-- PROBLEM TO WORK ON --
After locating the line that contains "Dragon Tempered Glass", output that line and each one following it, exactly, to the end of the entries. No pictures.

Items from a data source:
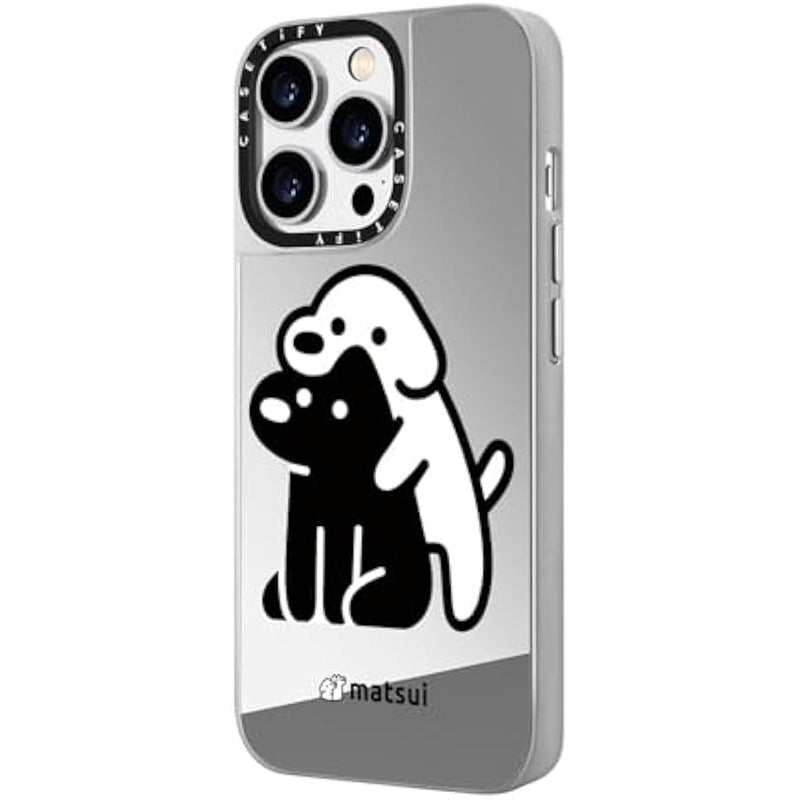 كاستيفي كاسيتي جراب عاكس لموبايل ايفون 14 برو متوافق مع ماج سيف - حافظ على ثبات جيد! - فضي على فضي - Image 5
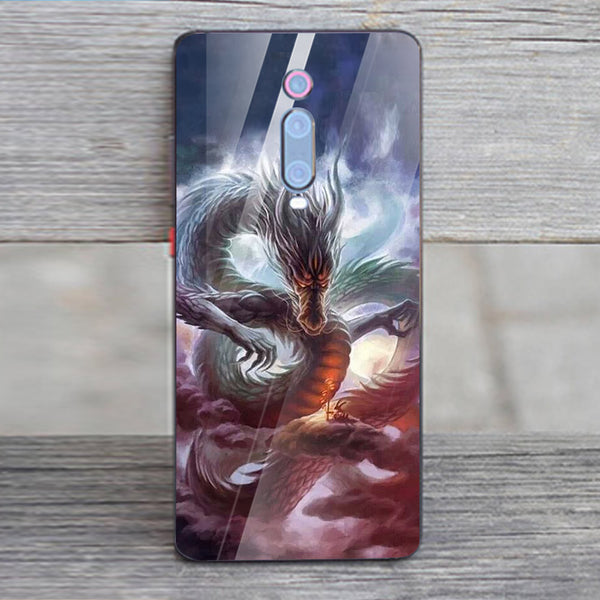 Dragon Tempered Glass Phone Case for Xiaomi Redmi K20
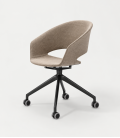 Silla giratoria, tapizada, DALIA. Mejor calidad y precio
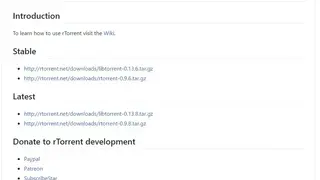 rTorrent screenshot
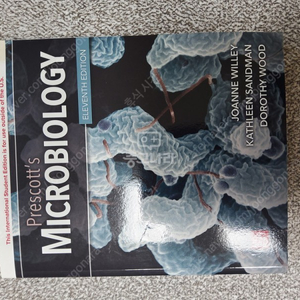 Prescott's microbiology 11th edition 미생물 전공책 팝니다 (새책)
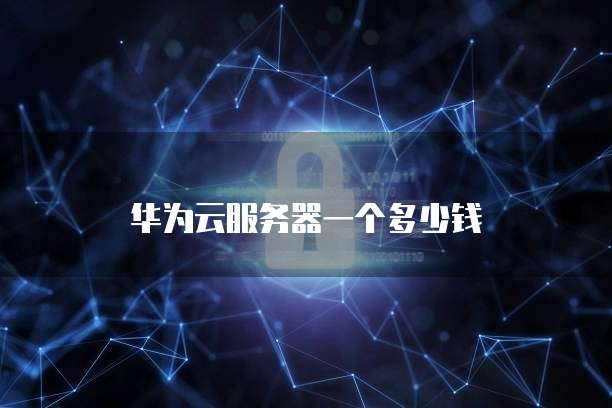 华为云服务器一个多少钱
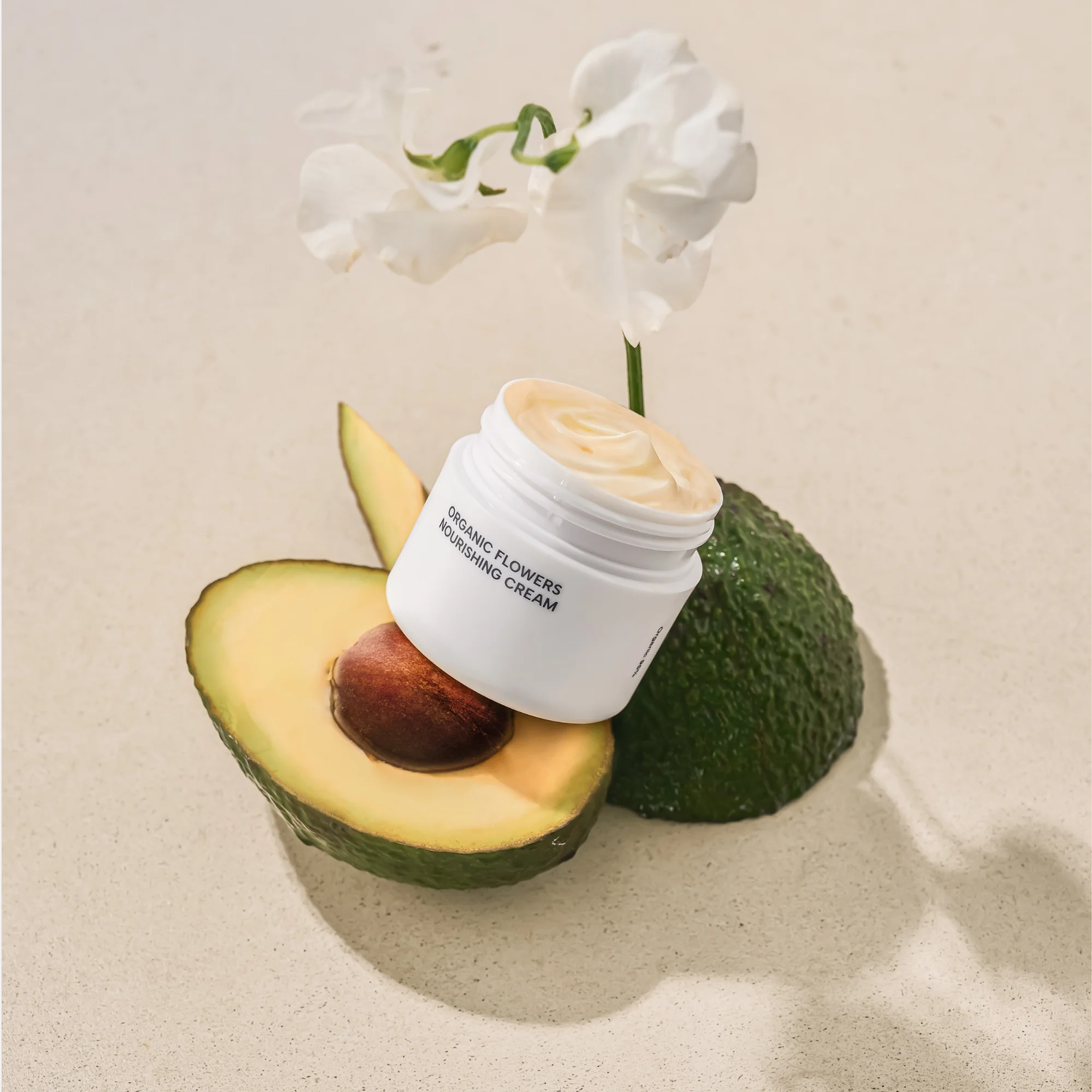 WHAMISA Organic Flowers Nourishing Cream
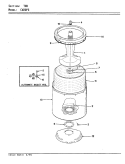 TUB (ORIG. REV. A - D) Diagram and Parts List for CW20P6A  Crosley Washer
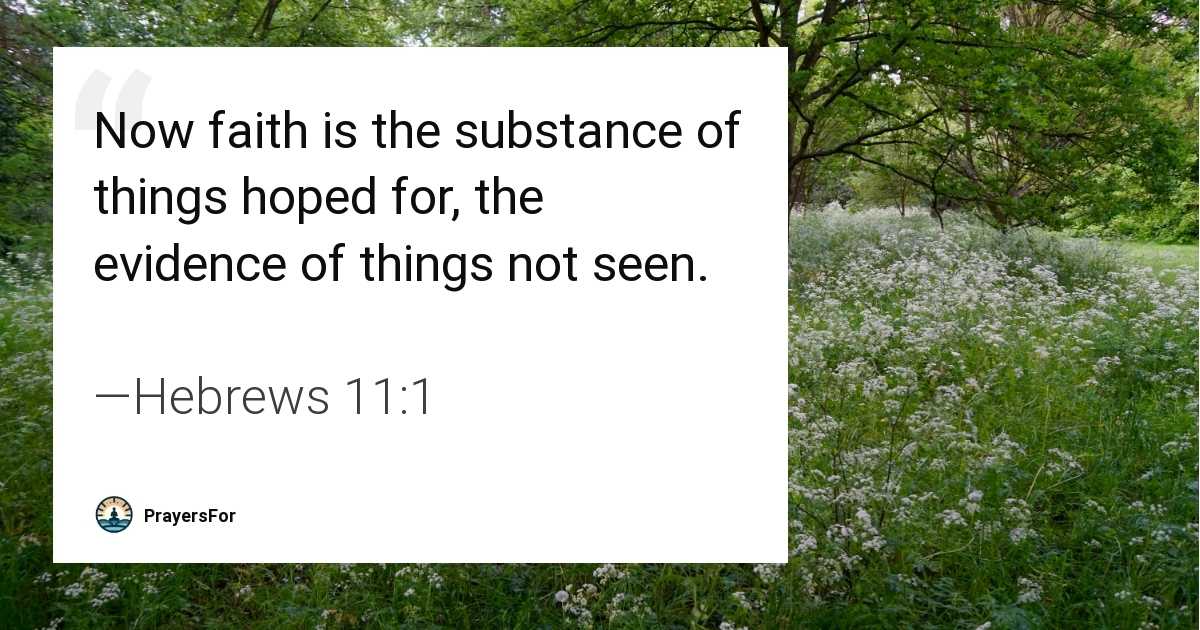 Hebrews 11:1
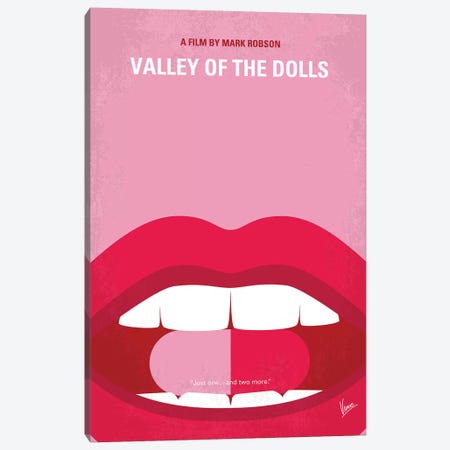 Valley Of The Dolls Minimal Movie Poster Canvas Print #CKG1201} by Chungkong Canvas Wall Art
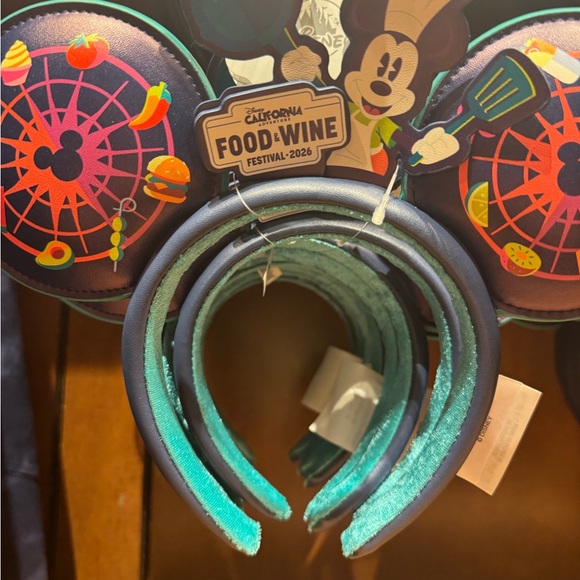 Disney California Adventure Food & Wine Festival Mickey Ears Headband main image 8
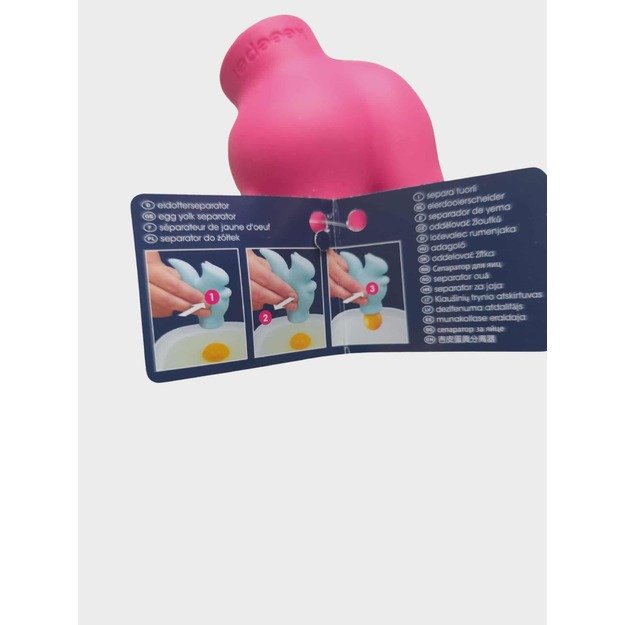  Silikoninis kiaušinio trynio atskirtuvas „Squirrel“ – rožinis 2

-- EXPECTED ANSWER --
 Dragon Tempered Glass Phone Case for Xiaomi Redmi K20
 Silla giratoria, tapizada, DALIA. Mejor calidad y precio
 rTorrent screenshot
 Prescott's microbiology 11th edition 미생물 전공책 팝니다 (새책)
 华为云服务器一个多少钱
 WHAMISA Organic Flowers Nourishing Cream
 TUB (ORIG. REV. A - D) Diagram and Parts List for CW20P6A  Crosley Washer
 Hebrews 11:1
 Valley Of The Dolls Minimal Movie Poster Canvas Print #CKG1201} by Chungkong Canvas Wall Art
 Disney California Adventure Food & Wine Festival Mickey Ears Headband main image 8
  Silikoninis kiaušinio trynio atskirtuvas „Squirrel“ – rožinis 2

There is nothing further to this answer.